The sky and outer space have fascinated man for centuries and the History Channel's series The Universe is the story of man's study of the cosmos from his earliest attempts to map and understand the heavens through modern day scientific studies, advances, and theories.
A mix of historical footage, modern space imaging, and conceptual computer graphics presented in high-definition, the visual component of this production is absolutely breathtaking. Each of the episodes begins with a general introduction of subjects ranging from the sun to individual planets, alien galaxies, the search for extra-terrestrial life, and scientific theories like the Big Bang.

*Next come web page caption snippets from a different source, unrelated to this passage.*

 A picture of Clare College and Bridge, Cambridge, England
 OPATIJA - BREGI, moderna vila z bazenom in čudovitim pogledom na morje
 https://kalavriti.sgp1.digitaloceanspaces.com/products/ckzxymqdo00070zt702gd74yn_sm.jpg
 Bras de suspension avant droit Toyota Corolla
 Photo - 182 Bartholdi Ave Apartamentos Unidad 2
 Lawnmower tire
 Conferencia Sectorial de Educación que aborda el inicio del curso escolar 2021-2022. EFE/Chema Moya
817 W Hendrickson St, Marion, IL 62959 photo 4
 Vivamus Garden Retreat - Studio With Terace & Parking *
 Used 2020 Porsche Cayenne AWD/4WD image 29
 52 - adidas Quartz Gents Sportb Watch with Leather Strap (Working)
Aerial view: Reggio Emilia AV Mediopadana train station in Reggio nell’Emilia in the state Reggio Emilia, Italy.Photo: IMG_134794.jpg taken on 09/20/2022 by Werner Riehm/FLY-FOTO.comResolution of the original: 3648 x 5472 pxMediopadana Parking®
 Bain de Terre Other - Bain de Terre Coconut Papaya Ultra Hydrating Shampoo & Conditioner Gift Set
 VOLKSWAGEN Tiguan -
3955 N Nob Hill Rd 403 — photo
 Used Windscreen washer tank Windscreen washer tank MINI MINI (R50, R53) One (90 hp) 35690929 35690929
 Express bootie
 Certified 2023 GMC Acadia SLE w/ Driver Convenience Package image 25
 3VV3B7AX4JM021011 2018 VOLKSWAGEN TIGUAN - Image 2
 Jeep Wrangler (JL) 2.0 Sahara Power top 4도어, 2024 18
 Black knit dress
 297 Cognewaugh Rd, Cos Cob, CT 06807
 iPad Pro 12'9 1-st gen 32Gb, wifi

Each topic is then broken down into a series of segments that detail specific ideas, theories, or components integral to the understanding of the main topic as well as historical material, current studies and theories, and projections of potential future events and scientific advances.
The episodes also cover a wide range of topics, from Cosmic Holes to Cosmic Collisions, from supernovas to gravity. There are episodes about the weather in space, the largest objects in space (hint: they're really, really big, like the so-called cosmic web of galaxies, which is a hundred million billion times bigger than Earth), and traveling to and colonizing space.
The amount of information and data provided is enormous. Jargon abounds, including terms like lunar transient phenomena, pulsar planets, hot Jupiters, dark matter and dark energy, collisional families, the heavy bombardment period, and many, many more.
We once considered ourselves to be at the center of the universe - now we know that we are just a small speck in a giant cosmos. The Universe ventures outside of our solar system in another epic exploration of the universe and its mysteries. Discover "alcohol clouds," which are filled with organic molecules, and learn about a hypothetical planet that may exist beyond Neptune.
Using stunning HD graphics, The Universe transport viewers past the wonders of our own solar system and out to the bizarre far-flung reaches of the cosmos. From death stars to ringed planets, star clusters to space wars, The Universe uses new discoveries and more advanced CGI to help explain the mysteries of outer space.
From wormholes to transporters, examine which elements from popular sci-fi movies could really exist; and discover how the universe is awash in all sorts of strange liquids, from oceans of methane to blobs of alcohol floating in space, and even iron rain.